やけつくような夏の日中は、日差しが真上から射すため影がなくなり、それに呼応するかのように人の気配も消えていくため、どこかひっそりとしている。
そうして、不意に「夏の昼」の街中へと繰り出した者は、作者が体験したような奇妙な「沈黙」につきあたる訳だ。しかしなぜ、沈黙に支配された白昼の街というのは、こうも奇妙に感じられるのか。
それは、生きているはずなのにまるで死んでいるようだから。より厳密には、適度な陰影であったり、視界に人影など自然な動きがなくなった光景というのは、意味や習慣によって色づけされてしまう時が流れ始める以前の世界、いわば「赤ん坊が初めて見た光景」を思い起こさせるからではないか。

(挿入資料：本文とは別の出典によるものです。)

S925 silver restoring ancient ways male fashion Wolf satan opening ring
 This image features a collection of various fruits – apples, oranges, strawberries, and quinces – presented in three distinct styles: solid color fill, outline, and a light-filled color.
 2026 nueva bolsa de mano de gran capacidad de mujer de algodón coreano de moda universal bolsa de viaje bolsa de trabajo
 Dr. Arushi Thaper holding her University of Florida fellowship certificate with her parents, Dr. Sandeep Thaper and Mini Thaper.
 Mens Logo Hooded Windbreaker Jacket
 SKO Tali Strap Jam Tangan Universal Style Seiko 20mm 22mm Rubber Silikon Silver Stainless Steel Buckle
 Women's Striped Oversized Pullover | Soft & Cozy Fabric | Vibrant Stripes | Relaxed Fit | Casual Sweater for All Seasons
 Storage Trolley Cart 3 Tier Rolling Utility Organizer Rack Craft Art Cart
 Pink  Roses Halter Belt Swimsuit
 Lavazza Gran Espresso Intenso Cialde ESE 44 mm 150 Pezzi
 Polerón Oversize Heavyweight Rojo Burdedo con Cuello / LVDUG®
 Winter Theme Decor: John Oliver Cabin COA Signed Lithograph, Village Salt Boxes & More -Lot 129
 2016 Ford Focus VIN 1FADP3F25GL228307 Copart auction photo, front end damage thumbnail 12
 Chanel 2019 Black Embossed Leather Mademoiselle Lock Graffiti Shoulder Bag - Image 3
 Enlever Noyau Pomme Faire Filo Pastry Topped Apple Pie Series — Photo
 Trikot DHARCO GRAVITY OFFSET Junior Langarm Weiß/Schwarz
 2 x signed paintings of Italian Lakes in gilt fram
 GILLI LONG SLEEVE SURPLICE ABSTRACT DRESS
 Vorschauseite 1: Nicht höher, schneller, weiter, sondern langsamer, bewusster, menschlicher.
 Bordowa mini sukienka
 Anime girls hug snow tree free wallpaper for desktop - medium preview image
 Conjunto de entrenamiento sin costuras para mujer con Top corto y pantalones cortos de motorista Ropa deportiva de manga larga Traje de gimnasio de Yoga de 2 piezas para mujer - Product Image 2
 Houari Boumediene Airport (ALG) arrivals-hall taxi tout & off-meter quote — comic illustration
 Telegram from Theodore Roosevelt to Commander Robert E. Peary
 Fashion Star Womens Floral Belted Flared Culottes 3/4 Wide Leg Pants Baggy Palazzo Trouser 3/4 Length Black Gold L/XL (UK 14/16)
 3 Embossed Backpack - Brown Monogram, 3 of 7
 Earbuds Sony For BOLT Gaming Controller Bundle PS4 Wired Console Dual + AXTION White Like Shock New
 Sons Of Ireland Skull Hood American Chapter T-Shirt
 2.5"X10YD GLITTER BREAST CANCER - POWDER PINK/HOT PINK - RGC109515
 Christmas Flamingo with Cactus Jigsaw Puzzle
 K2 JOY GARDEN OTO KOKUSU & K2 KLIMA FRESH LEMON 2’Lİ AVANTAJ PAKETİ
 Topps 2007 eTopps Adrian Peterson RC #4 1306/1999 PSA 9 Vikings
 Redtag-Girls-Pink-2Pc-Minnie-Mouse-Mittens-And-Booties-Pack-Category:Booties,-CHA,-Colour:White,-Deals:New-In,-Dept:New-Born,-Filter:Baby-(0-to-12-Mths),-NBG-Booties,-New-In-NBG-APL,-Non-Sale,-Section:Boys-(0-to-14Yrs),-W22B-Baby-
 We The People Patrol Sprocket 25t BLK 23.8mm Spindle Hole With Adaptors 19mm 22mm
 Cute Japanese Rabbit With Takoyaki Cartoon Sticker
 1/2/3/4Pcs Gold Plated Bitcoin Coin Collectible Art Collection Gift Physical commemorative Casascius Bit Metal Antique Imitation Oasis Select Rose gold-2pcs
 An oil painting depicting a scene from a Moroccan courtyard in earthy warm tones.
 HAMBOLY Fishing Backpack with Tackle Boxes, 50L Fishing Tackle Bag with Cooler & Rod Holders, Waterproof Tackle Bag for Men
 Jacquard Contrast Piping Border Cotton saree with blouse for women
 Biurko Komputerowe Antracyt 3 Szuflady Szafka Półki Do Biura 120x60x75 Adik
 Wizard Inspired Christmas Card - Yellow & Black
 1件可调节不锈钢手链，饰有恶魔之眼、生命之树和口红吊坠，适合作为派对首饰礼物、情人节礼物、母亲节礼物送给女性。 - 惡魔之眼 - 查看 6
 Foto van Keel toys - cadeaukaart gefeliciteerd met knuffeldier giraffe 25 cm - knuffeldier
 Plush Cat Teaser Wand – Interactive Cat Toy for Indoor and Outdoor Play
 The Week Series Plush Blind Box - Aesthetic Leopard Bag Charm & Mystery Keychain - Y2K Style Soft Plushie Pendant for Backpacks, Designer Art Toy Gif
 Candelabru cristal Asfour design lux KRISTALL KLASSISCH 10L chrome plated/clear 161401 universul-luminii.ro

そこには主義主張も、どんな意図も感じられない。日常と地続きであるはずなのに、そこではどこかで原初的な領域に立ち入ってしまっているのだろう。私たちはそういう領域に何かの拍子にふっと足を踏み入れてしまうことが時たまあって、そこでは浮いているというか、ボーッとするというか、まるで時が止まってしまったかのような不思議な感覚に陥ってしまうのだ。
7月10日に自分自身の星座であるおひつじ座で下弦の月を迎えていく今週のあなたもまた、そんな時間以前の領域や、奇妙な「沈黙」に中にひっそりとたたずんでいくべし。
日常と演技と亀裂
日頃より懸命にこの世を生き、平凡なサラリーマンであれ、家庭を支える大黒柱であれ、自由だけれどさみしい独身中年であれ、演じている役柄に熱心に打ち込めば打ち込むほどに、「本当の自分は何者なのか?」といった問いは、どんどん忘れ去られていく。というより、そうした忘却こそがこの世でうまく生きていく上での大前提なのだ。
しかし時折、役柄上の自分は本当の自分自身ではないのだということを、ふと感じてしまうことがある。一度それが出てきてしまうと、目の前で展開されていく現実劇や演技においてNGを出したり、これまでスムーズに乗れていた脚本に乗れなくなったり、慣れ親しんだ日常舞台が、とたんに嘘っぽく、居心地の悪いものになっていくもの。そう、掲句のような奇妙な沈黙をともなって。
同様に、今週のおひつじ座もまた、ふとしたきっかけから亀裂が入り、そこからニョッキリと顔を出してくる違和感や不安が無視できなくなっていくかも知れません。